The $DMK_VAULT_FILE environment variable overrides the default location:

$ export DMK_VAULT_FILE=/path/to/myfile.data
$ dmk vault  

Output:

/path/to/myfile.data

While $DMK_VAULT_FILE is set all the commands will use myfile.data:

$ dmk set   # set to myfile.data 
$ dmk get   # get from myfile.data

Under the hood

  • Entries are encrypted
  • Number of entries cannot be determined
  • File format is unidentifiable

Size obfuscation

The vault file stores all data within multiple fixed-size blocks.

Small entries are padded so they become block-sized. Large entries are split and padded to fit into multiple blocks. In the end, they are all just a lot of blocks.

A block gives absolutely no information for someone who does not own the secret name. All non-random data is either hashed or encrypted. The size of padding is unknown.

The number of blocks is no secret. Their contents are secret.

  • The number of blocks is random. Many blocks are dummy. They are indistinguishable from real data, but do not contain anything meaningful

  • The information about which entry the block belongs to is cryptographically protected. It is impossible to even figure out if two blocks belong to the same entry

  • Random actions are taken every time the vault is updated: some dummy blocks are added, and some are removed

Thus, number and size of entries cannot be determined by the size of the vault file or number of blocks.

Only the following is known:

  • The payload is smaller than the file size
  • The number of entries is less than the number of blocks

By the way, the file may contain zero entries.

File obfuscation

The vault file format is indistinguishable from random data.

The file has no signatures, no header, no constant bytes (or even bits), no block boundaries. File size will not give clues: the file is randomly padded with a size that is not a multiple of a block.

The only predictable part of the file is a version identifier encoded in the first two bytes. But the similar "version number" can be found literally in every fourth file in the world. Those two bytes are not even constant.

Еncryption

  1. URandom creates 38-bytes salt when we initialize the vault file. The salt is saved openly in the file. This salt never changes. It is required for any other actions on the vault.

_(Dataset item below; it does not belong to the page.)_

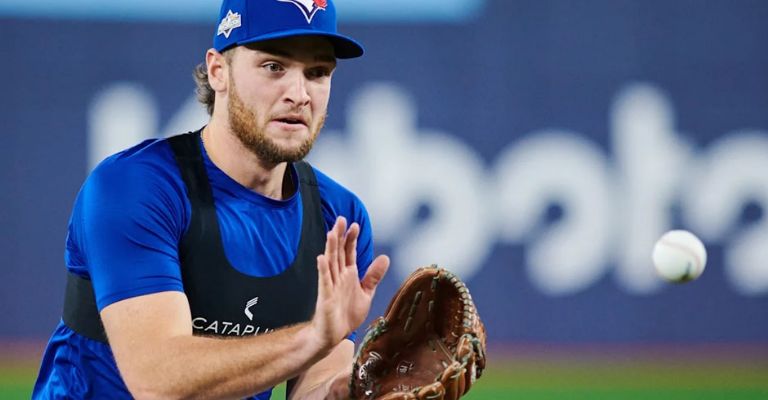 Yesavage estaría fuera al menos por 15 días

  2. Argon2id (memory 128 MiB, iterations 4, parallelism 8) derives 256-bit private key from salted (1) secret name.

  3. 96-bit urandom block nonce is generated for each block.

  4. To indicate that a block belongs to the secret name, we add a 256-bit hash to the beginning of the block. It is a Blake2s hash of private key (2) + block nonce (3).

    During the read, for each block, we compute this hash again. If the value matches, we decide that the block belongs to the secret name.

  5. ChaCha20 encrypts the block data using the 256-bit private key (2) and 96-bit block nonce (3).

  6. CRC-32 checksum verifies the entry data decrypted from the block.

    This verification occurs when we have already beleive (4) that the private key is correct. Therefore, it is really only a self-test to see if the data is decoded as expected.

    This checksum is saved inside the encrypted stream. If the data in two
    blocks are the same, it will not be noticeable from the outside due to different nonce (3) values.